The differential diagnosis includes primarily metastatic disease, aneurysmal bone cysts (ABCs), chordomas, lymphoma, myeloma, and other aggressive benign lesions, each with distinctive radiological features [1,3,7]. Although differential diagnosis may be challenging, several key elements aid in differentiation [9]. TCGs predominantly involve the vertebral body rather than the posterior elements [4,5,10]. This is an important distinction because the anatomical site of the lesion provides valuable clues [5,6]. Lesions involving the posterior elements should raise suspicion for osteoblastoma, ABC, or osteoid osteoma, whereas metastatic disease and myeloma commonly affect the vertebral body and spare the posterior elements [[4], [5], [6], [7],10]. Radiological features also vary: metastatic disease typically presents as osteolytic; ABCs are multiloculated, expansile lesions with fluid-fluid levels on MRI, frequently involving the posterior elements rather than the vertebral body; chordomas usually involve the sacrum or clivus rather than the mobile spine and exhibit a lobulated appearance with high T2 signal intensity and calcifications on imaging; lymphoma frequently presents as a vertebral lesion with preservation of the intervertebral discs, often associated with paraspinal soft tissue involvement and minimal bone destruction; myeloma is characterized by multiple small osteolytic lesions, diffuse bone marrow infiltration, and a "punched-out" appearance on radiographs. Biological behavior, clinical presentation and patient demographics may also help in addressing the right diagnosis.
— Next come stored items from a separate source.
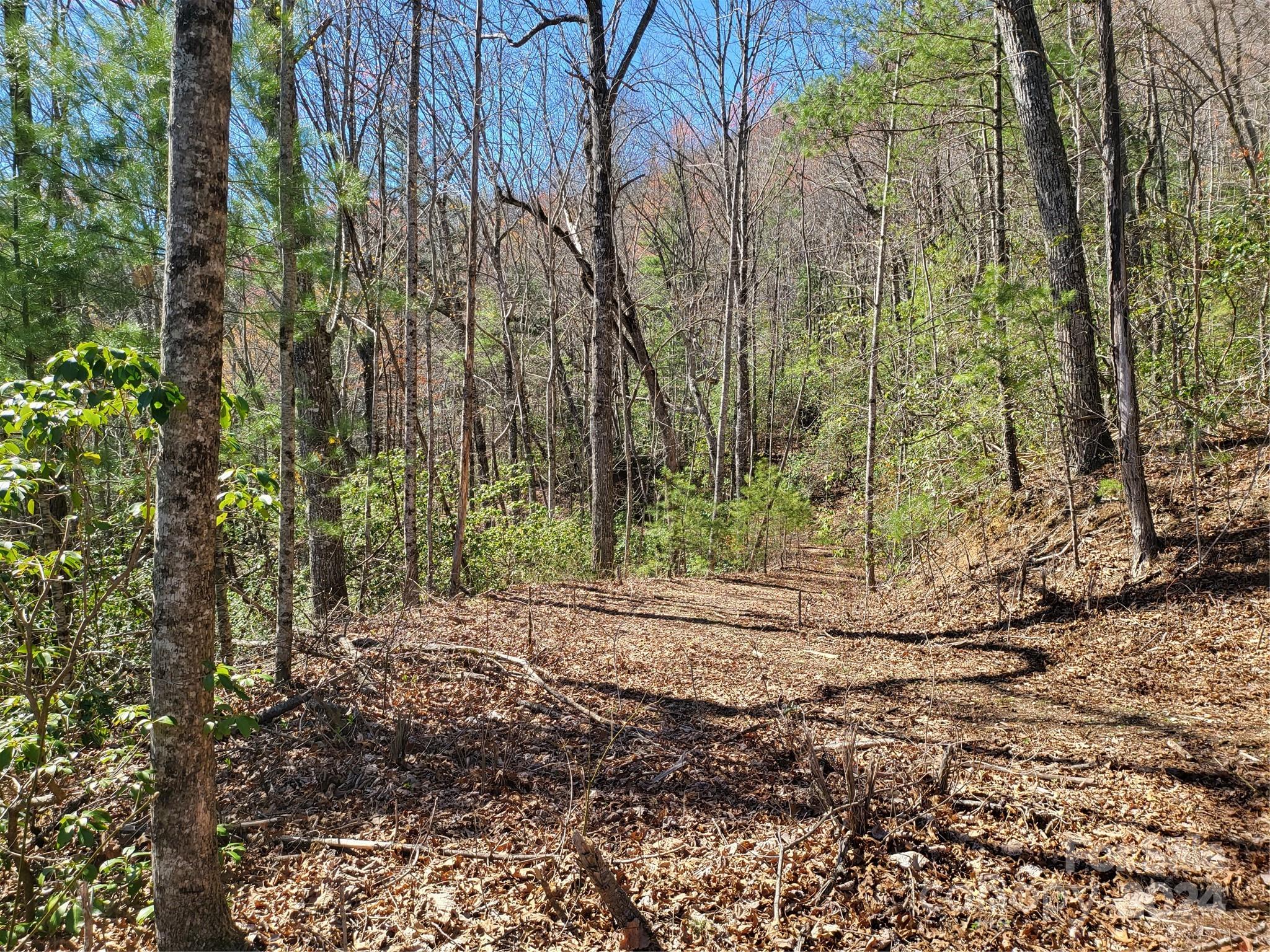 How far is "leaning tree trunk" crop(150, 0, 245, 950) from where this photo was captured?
2361 mm

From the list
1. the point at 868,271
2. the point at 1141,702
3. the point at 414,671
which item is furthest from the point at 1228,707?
the point at 868,271

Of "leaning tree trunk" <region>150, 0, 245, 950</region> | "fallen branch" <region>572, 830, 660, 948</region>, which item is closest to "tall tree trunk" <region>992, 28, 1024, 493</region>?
"fallen branch" <region>572, 830, 660, 948</region>

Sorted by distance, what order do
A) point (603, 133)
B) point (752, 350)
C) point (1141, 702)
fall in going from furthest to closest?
point (752, 350) < point (603, 133) < point (1141, 702)

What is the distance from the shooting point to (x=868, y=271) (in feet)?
70.3

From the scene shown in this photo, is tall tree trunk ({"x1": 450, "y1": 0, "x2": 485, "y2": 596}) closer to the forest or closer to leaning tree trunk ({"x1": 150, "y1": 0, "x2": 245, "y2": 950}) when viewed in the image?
the forest

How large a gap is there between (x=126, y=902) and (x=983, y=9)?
10.9 meters

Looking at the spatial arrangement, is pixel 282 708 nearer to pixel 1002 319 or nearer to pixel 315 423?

Surgical resection remains the cornerstone of treatment for spinal GCTs, as it offers the possibility of immediate decompression of the spinal cord, may alleviate pain, and may restore neurological function [9,11]. However, surgical management is challenging due to the tumor's high vascularity, risk of bleeding, and the need to maintain spinal stability. In the case presented, an initial decompressive laminectomy was performed as an urgent intervention to prevent neurological deterioration [9,12]. This was followed by posterior instrumentation and fusion to mitigate spinal instability, which would have been further exacerbated by the initial decompressive laminectomy. Total en bloc resection is typically the preferred surgical approach for long-term outcomes, as it reduces recurrence risks, but achieving this in the thoracic spine is difficult due to proximity to vital structures and increased risk of morbidity [9,10,12].
Denosumab, a monoclonal antibody targeting the RANKL (Receptor Activator of Nuclear Factor Kappa-B Ligand) pathway, has emerged as a promising adjuvant therapy in the management of GCTs, particularly for unresectable or advanced cases [13]. By inhibiting osteoclast activity, Denosumab reduces tumor growth and may facilitate surgical resection by limiting local invasion and vascularity [13,14]. Several studies have demonstrated Denosumab's efficacy in reducing tumor size, stabilizing bone, and even achieving radiological remission in some cases [1,13,14]. Although Denosumab has shown potential in managing spinal GCTs, its optimal duration, long-term efficacy, and safety profile, including potential rebound growth upon discontinuation, require further investigation through controlled studies [13].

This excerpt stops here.